El séptimo sello, de Ingmar Bergman

La muerte y nada más Por Víctor de la Torre

No siendo especialmente entusiasta de las conmemoraciones, que en demasiadas ocasiones suponen homenajear post mortem lo que no se ha sabido apreciar convenientemente en vida, poner el foco en la inmensa figura de Ingmar Bergman con motivo del centenario de su nacimiento me parece un acierto, por el sencillo motivo de que el hecho de volver a su obra, o séase a su legado, independientemente de cuál sea la razón que lo motive contribuye en sí mismo a resituar el valor de la creación cinematográfica en su justa medida: la de la imprescindible aportación del cineasta sueco. En un tiempo de mutaciones audiovisuales y nuevos paradigmas críticos tan necesarios, y estimulantes, como definitivamente cuestionables, la veleidad con que se acude a la noción de autoría para justificar según qué cosas convierte en necesario retornar cada cierto tiempo a determinados nombres que contribuyan a centrar el debate, ofreciéndonos un suelo firme, sólido, desde el que poder valorar convenientemente las diversas aportaciones. Y pocas obras encontraremos tan merecedoras de pertenecer a este selecto grupo como la del firmante de El séptimo sello (Det sjunde inseglet, 1957).

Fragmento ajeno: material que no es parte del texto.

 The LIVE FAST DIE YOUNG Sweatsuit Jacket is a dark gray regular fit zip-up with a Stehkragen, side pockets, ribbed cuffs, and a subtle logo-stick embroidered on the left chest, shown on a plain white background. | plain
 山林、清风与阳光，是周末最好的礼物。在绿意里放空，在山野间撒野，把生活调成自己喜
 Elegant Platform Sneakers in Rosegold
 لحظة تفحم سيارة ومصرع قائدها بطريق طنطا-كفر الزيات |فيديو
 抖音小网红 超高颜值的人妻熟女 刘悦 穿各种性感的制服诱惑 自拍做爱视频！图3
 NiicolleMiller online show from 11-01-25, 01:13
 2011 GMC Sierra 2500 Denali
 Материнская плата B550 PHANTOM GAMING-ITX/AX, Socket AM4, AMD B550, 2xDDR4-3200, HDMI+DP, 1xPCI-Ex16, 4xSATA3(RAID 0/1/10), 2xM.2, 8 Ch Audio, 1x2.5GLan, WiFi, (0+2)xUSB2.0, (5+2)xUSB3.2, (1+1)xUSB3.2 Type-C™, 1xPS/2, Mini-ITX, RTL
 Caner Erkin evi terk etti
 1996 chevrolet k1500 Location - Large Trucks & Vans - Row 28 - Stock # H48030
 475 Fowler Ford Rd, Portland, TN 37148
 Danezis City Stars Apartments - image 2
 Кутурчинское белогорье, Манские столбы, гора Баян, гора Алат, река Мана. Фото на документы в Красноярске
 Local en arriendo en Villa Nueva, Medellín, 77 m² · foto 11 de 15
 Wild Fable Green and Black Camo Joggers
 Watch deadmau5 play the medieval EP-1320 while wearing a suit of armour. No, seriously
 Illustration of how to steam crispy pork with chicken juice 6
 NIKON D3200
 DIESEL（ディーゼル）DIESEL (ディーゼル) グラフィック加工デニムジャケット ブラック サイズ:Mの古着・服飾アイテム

Bergman encarna la quintaesencia del autor en su sentido canónico; sea por su adscripción a un ecosistema cultural de inequívoco aroma europeo —en heroica, maniquea contraposición con el imperialismo hollywoodiense—, sea por su meticulosa exploración de un conjunto de temáticas que emanan del sentido último de la existencia, lo cierto es que sigue siendo considerado como un director complejo, denso, poseedor de una obra hermética. Ante estos epítetos, tan habituales como disuasorios, conviene tener presente que tratar de aglutinar bajo la consabida etiqueta definitoria una filmografía que abarca más de seis décadas, con sucesivas líneas de fuga derivadas, sin ir más lejos, de algo tan prosaico como los condicionantes de producción resulta siempre un ejercicio estéril. Es por ello que el acercamiento a su figura, aportación capital al arte de nuestro tiempo, debe hacerse necesariamente desde el reconocimiento a la coherencia de una obra que, sin desdeñar hibridaciones genéricas y formatos diversos, coloca en primer término la mirada profunda, reflexiva, hacia lo que implica ser humano.

El séptimo sello

¿Qué hay más humano qué preguntar acerca de aquello para lo que nosotros mismos no hayamos respuesta? El caballero que tras padecer los horrores de las Cruzadas regresa a una Europa asolada por la Peste Negra no puede evitar cuestionarse lo que hasta entonces consideraba verdades indubitables, y en su camino al hogar encontrará un aliado que puede ayudarle a entender el motivo de todo lo padecido… pero este no es otro que la Muerte, que pese a su caracterización mundana, inclusive socarrona, viene a cobrarse su vida. Desde la primera secuencia de El séptimo sello, en la que se establece el tablero de juego por el que discurrirá toda la película, queda claro que la partida de ajedrez a la que Antonius Block (Max Von Sydow) reta a su pálida némesis (Bengt Ekerot) no es sino una estratagema para despejar las dudas que le acongojan, toda vez que ya ha asumido, se diría, la inevitabilidad de su destino. En su rostro atisbamos una mezcla de temor y resignación al ver como su oponente se acerca, cadenciosamente, entre los riscos de la playa.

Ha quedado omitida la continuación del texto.